The March 17, 2015 Breaking Glass Pictures DVD release of the understated 2014 horror film "A Cry From Within" is an apt choice for a snowy or rainy evening of viewing pleasure.
Casting Eric Roberts, whose 379 IMDb acting credits may be a record for that site, as loving dad/husband Jonathan greatly contributes to the awesome '80s vibe of the film. A scary because its true element relates to director/co-star Deborah Twiss reporting that the story relates to a supernatural incident from her past. Having the film reflect the Hitchcock method of setting the terror in an everyday setting creates a trifecta regarding the modern classic horror film sense of "Cry."
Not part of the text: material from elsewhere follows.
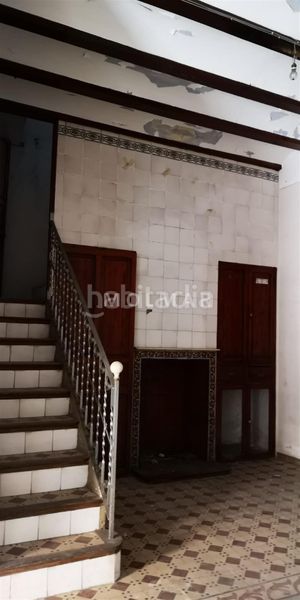 Foto 3a75313a-e4f5-4f81-824d-0ad6c81a8f86. Casa amb xemeneia a Algemesí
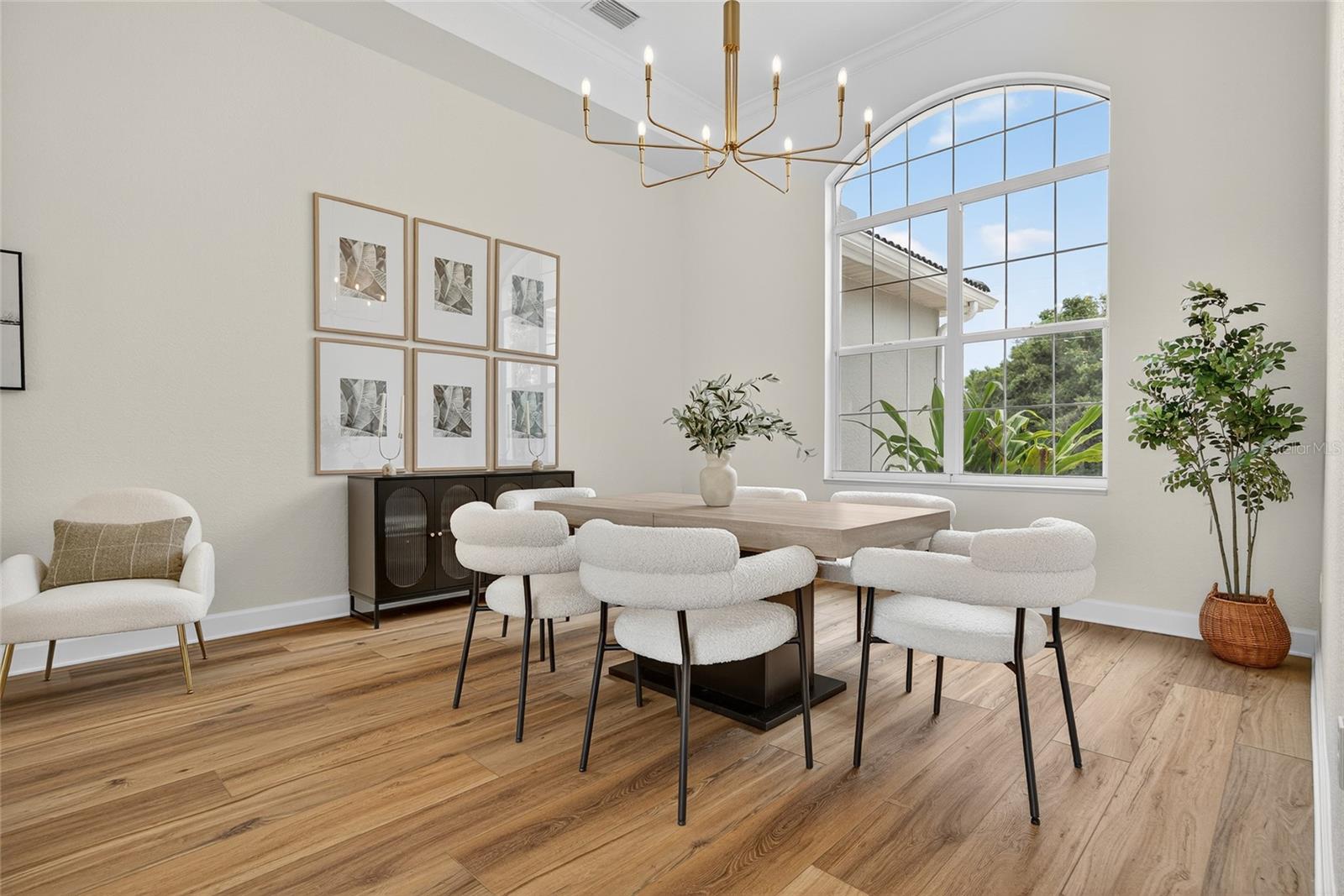 Image 7 of 44 For 11600 Courtly Manor Drive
The following clip, courtesy of YouTube, of the theatrical trailer for "Cry" offers a nice glimpse of the suspense and psychological drama in the film while avoiding spoilers.
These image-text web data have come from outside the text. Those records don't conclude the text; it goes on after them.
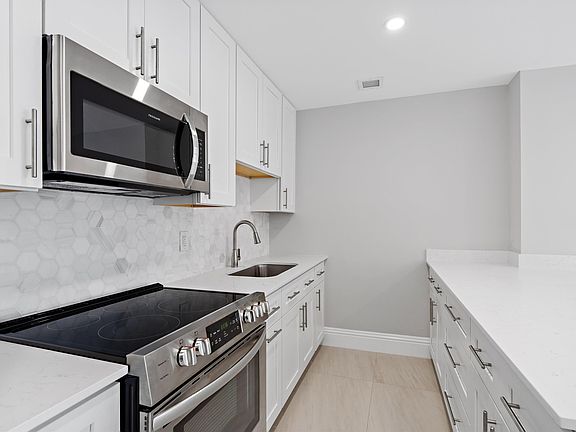 4th image of 301 SE 12th Ave #6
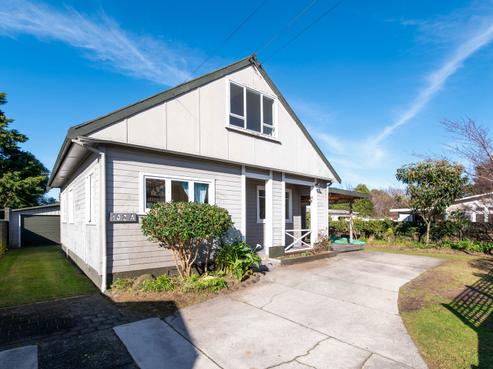 102A Clayton Road, Mangakakahi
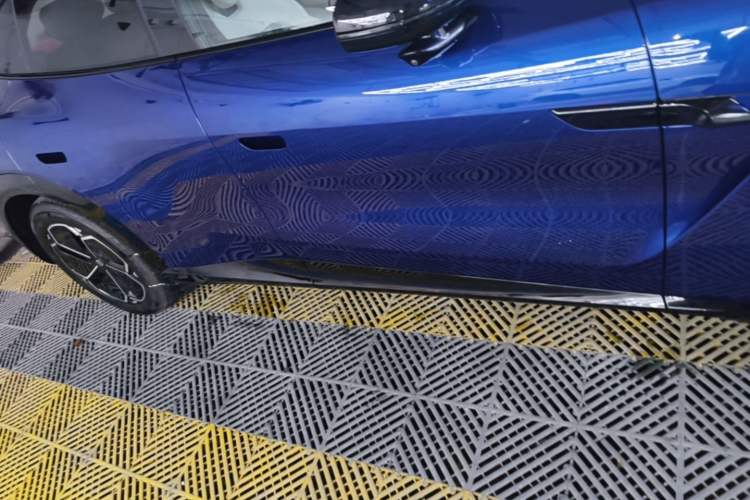 Used Xiaomi Auto YU7 2025 Ultra-Long Range Rear-Wheel Drive Version Right Side Sill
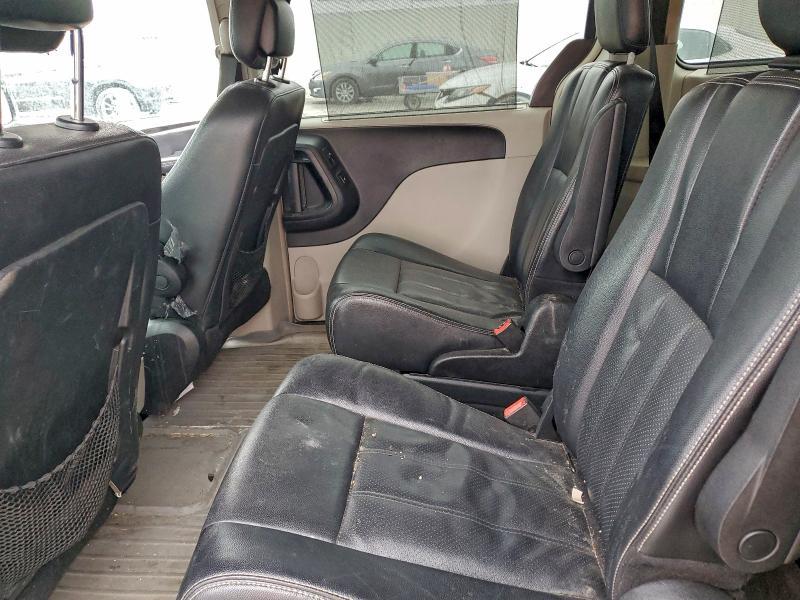 2015 Chrysler Town & Country
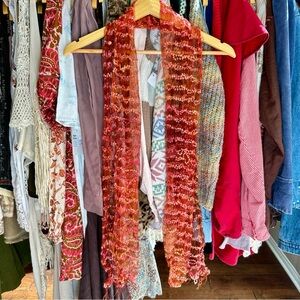 Fleurs by Elegant Additions Handwoven Natural Silk Scarf – Red Pink Textured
The simple tried but true horror premise is that Jonathan and his career gal wife Cecile pack up the kids and leave New York City to move to a small Amityville of "Horror" fame style Long Island town in the wake of a tragedy. In a simple twist of Hollywood-style fate, they stumble onto what seems to be the perfect new home.
Invalid Sophia owning the ordinary-looking abode and sharing it with her highly resentful never married adult daughter/caretaker Alice (played by Cathy Moriarity) introduces aspects of "Psycho," "Grey Gardens," and "Whatever Happened to Baby Jane." One spoiler is that the cringe-worthy scenes of Alice feeding the bed-ridden Sophia does not involve any rodents.
The nicely paced film builds the suspense as the new inhabitants experience increasingly creepy incidents that start with things such as closet doors not staying close and the family guinea pig escaping from his closed carrier. This escalates to hair-raising horror as the malevolent entity behind the eerie goings-on becomes an increasingly strong force that is feeding on the trauma of the new family.
The building of this tension coincides with both Alice becoming increasingly psychotic in her new home and the audience learning more about the reasons for her current state.
The predictable (but still entertaining) climax comes in the form of the resident unfriendly ghost going on an arguably understandable rampage. One spoiler regarding this segment is that no guinea pigs are harmed in the making of this movie.
The aforementioned "ripped from the headlines" aspect of the film and the deeper than typical psychological aspect of "Cry" distinguish it from both the current grindhouse horror titles and the less substantial suspense fare from the era in which Roberts was a matinee idol.
The special features include deleted scenes and cast interviews.